I mentioned in the sex, lies and videotape post that seeing that movie in the early 2000s was the beginning of the end of thinking that movie sex was in any way real but I had not yet come to this realisation when I saw this. And although time and experience have taught me that fucking on a marble floor and staircase probably isn’t as hot as it looks, their sex still turns me on; it’s still what I’d want. The laughter, the sweaty exhaustion, their chemistry and obvious comfort in their nakedness is just kind of wonderful. They look like they’re having fun and I think that’s what sex should be!
This all also meant that Rene Russo became a kind of feminist hero for me, although for reasons that would shock Piers Morgan! She was 45 when the film was released, which seemed so old when I was fourteen, but I absolutely definitely wanted to be her when I grew up. Successful, intelligent, well-dressed, beautiful in a way that didn’t try to mask or minimise her age, and with the kind of sexual confidence that means she could turn up to a black and white ball in a see-through dress, no underwear and red scarf, and fucking get her man! She is just incredible. From her first appearance with hot tousled hair, big sunglasses and stockings, I was in love. Coming in the same year as Britney Spears apparently showing us what was sexy in her ‘Hit Me Baby One More Time’ video, this alternate and much more appealing image of female sexuality was frankly revolutionary.
Until recently, that’s as far as my thoughts on this film went. Russo is fabulous, the sex is hot and the chase is electrifying! Except I now realise that it’s not that simple.
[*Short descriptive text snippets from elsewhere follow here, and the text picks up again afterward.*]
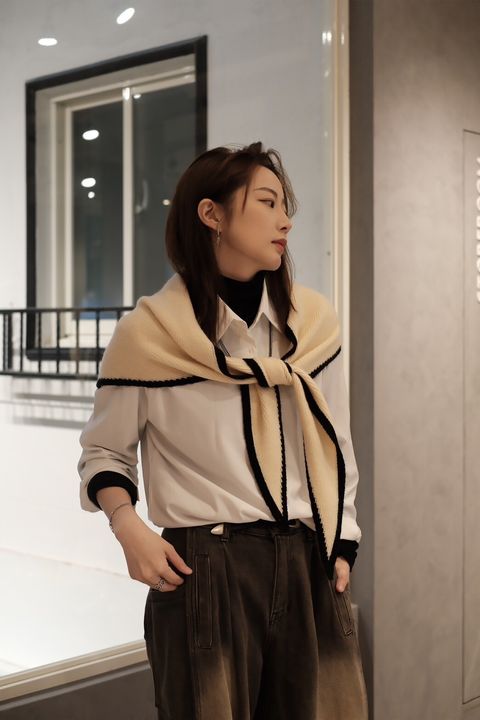 LINE_ALBUM_202411 女裝_241226_33
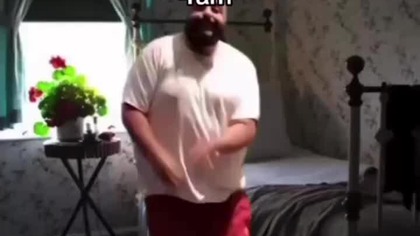 Best song EVER  #shorts #music #memes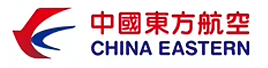 China Eastern
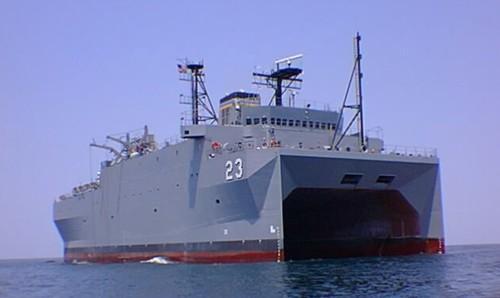 EqxC-fyrkuxs6040139.jpg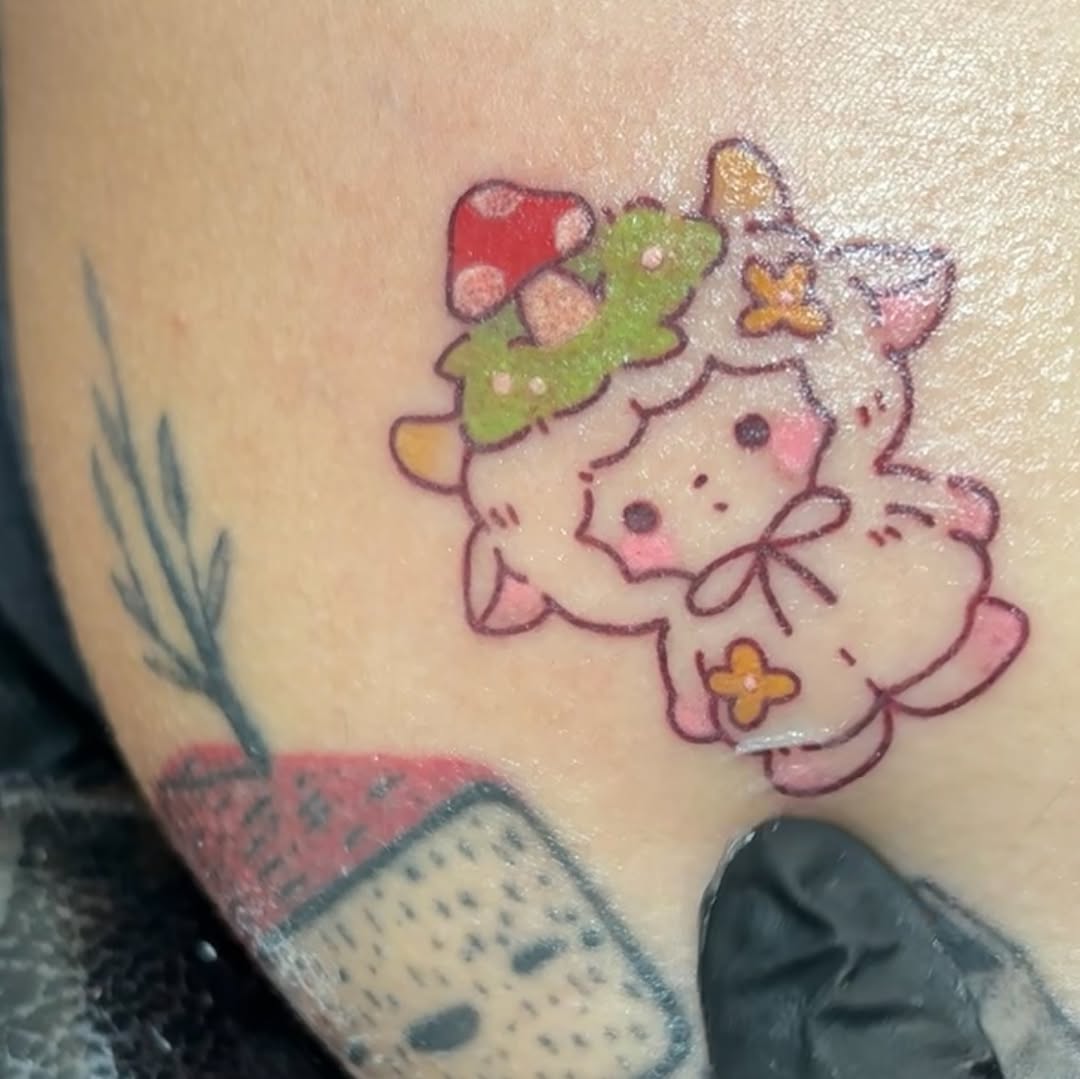 yakkodoll.ink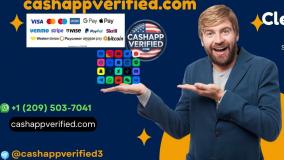 Buy Verified Binance Accounts USA Uk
It was only when writing this post that it occurred to me that all they really had was the chase, and this probably wasn’t the romantic ideal that I thought it was. Although the film ends with the two of them flying off into the sunset, I don’t know how much faith I’d have that they are still together now, ten years later. [Edit: oh my gosh, 1999 was actually twenty years ago!!!] The seduction was everything! And they know it. Crown even calls Banning out on this, asking why none of her relationships lasted. Once the chase was won, did they have enough to hold onto? Each had to ask the other if it was just about the painting, each is presented as being too independent to settle down and the fact that he successfully uses jealousy to unsettle her suggests that she wouldn’t be happy in an open relationship. So without the energy of the chase, would they still be happy?
As is so often the case, it all comes down to trust. After everything they’ve done, to each other and to themselves, can they trust each other? As Faye Dunaway’s psychiatrist asks Crown, under what extraordinary circumstances would he allow that to happen?
Whatever their future, it doesn’t change how fucking sexy this film is or my enjoyment watching it. Hottest movie sex scene of all time – I challenge you to find better!